Se há um valor prezado em Portugal, esse valor é a coerência. A coerência de opiniões e atitudes sobretudo. A pior acusação que se pode fazer a alguém por lusas bandas é a de ter feito uma afirmação em sentido contrário a uma opinião expressa algures no passado ou de ter tido uma atitude contrária à sua opinião. Os portugueses são um povo de enorme confiança: têm sempre as mesmas opiniões e atitudes. Não mudam. Provavelmente devem ser exatamente as mesmas pessoas, com as mesmas opiniões e atitudes desde a nascença. Não mudam, não aprendem nem desaprendem, não arriscam e não fazem erros, não pioram nem melhoram. São como são.
Exagero, obviamente. Mas a coerência levada ao exagero é para mim pelo menos uma de duas coisas: algo definitivamente a evitar por razões óbvias de saúde mental e, geralmente, uma grande treta. É pela parte da treta que eu enveredo hoje.
Vem este preâmbulo a propósito de um estudo muito curioso com que me deparei, e onde Portugal, para não ser incoerente, mantem a tradição de me surpreender.
O estudo que refiro é o “Global Corruption Barometer” de 2017, o maior inquérito feito à escala mundial sobre a experiência pessoal direta de cidadãos com corrupção no seu dia a dia, com especial enfoque nos Governos (pode ser consultado aqui *1). Elaborado pela Transparência Internacional, merece atenção pela relevância que tem na criação de melhores níveis de consciência em redor do tema da corrupção nos vários países.
Mas deixemos as considerações e subjetividades e avancemos numa linha de raciocínio baseada em dados mais concretos.
O que apresento de seguida é baseado nos dados quantitativos do estudo que refiro acima, e podem ser consultados aqui *2). Dos países constantes no estudo, selecionei apenas um subconjunto de países da União Europeia.Comecemos pela perceção que os portugueses têm relativamente à importância da corrupção: os portugueses acham que a corrupção é um tema muito importante. Mais de 50% dos inquiridos acha que é um dos três principais temas que o Governo devia endereçar (ver quadro 1 abaixo). Um dos países da UE onde esta preocupação é maior, como se pode observar.
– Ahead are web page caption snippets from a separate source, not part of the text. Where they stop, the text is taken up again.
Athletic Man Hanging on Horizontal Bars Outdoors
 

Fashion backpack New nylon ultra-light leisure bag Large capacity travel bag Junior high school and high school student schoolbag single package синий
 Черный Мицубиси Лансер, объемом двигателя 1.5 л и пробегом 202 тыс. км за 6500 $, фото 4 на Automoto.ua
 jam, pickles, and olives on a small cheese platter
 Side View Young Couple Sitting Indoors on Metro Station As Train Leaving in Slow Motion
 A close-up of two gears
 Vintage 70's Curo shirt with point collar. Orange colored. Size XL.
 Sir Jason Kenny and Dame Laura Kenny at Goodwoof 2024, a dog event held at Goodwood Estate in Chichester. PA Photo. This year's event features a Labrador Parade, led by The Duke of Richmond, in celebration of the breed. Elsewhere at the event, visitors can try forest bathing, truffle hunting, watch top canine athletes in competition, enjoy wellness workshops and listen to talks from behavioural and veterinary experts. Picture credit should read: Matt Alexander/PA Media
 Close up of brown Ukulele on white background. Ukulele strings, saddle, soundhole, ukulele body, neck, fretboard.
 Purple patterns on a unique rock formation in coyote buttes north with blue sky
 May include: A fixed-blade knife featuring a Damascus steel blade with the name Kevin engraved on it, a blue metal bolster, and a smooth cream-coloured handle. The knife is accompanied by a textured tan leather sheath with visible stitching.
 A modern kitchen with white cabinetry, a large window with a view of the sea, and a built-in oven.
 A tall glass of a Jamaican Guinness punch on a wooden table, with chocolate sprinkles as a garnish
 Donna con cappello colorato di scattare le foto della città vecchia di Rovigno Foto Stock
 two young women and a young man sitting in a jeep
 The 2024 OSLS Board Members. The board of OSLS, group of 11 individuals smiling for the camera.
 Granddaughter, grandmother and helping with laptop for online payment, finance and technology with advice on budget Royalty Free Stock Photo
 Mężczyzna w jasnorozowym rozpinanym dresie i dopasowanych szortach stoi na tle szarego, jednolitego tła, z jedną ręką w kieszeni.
De seguida vejamos o que acham os inquiridos relativamente ao papel que o comum dos mortais pode ter na luta contra esse enorme problema que é a corrupção. Do quadro 2 abaixo vemos com alguma surpresa que, de acordo com este inquérito, os inquiridos portugueses são aqueles que mais fé têm no papel do cidadão comum na luta contra a corrupção. Animador.
Vejamos agora o que dizer relativamente à perceção dos inquiridos sobre a visão da sociedade sobre as denúncias de atos de corrupção. Mais uma vez Portugal se destaca dos restantes congéneres europeus. O quadro 3 diz-nos que ninguém mais que nós concorda ser altamente aceitável (recomendável?) a denúncia da corrupção. Invejável sentido cívico, o dos nossos concidadãos.
E agora chegamos à minha parte preferida: os portugueses e a sua inclinação para a denúncia de atos de corrupção. Do quadro 4 abaixo vemos que em nenhum outro país da lista há tanta vontade pessoal de denunciar casos de corrupção como em Portugal. Quem são os melhores cidadãos do mundo?
Por esta altura temos todos os motivos para estarmos satisfeitos. A acreditar na representatividade estatística dos inquiridos portugueses que responderam a este estudo, o nosso país tem tudo o que necessita para enfrentar o problema da corrupção.
Mas… há aqui algo que me morde o cérebro: se os portugueses são tão civicamente corretos relativamente à temática da corrupção, como chegamos a um ponto em que esses mesmos portugueses acham que a corrupção é um problema tão relevante na nossa sociedade?
Como é que inclinações tão moralmente corretas relativamente a esta temática, que certamente gerarão atitudes igualmente moralmente corretas quer na prevenção quer na denúncia da corrupção, fazem com que esta seja algo tão grave para o nosso país?
É caso para dizer que a bota parece não bater com a perdigota.
Por fim, ainda do mesmo estudo, há um dado que talvez nos ajude a perceber as dúvidas que coloco acima. No quadro 5 abaixo pode-se perceber a distribuição percentual das respostas à questão “Porque não denunciam as pessoas atos de corrupção?”.
Achando já ter excedido a minha quota de opiniões subjetivas neste artigo, deixo a interpretação deste último quadro aos leitores, acrescentando apenas um dado que o quadro acima não transmite: Portugal é país (dos analisados por mim) onde a razão “As pessoas têm medo das consequências” atinge maior expressividade percentual de inquiridos.
Será devido à coerência? Ou devido à treta?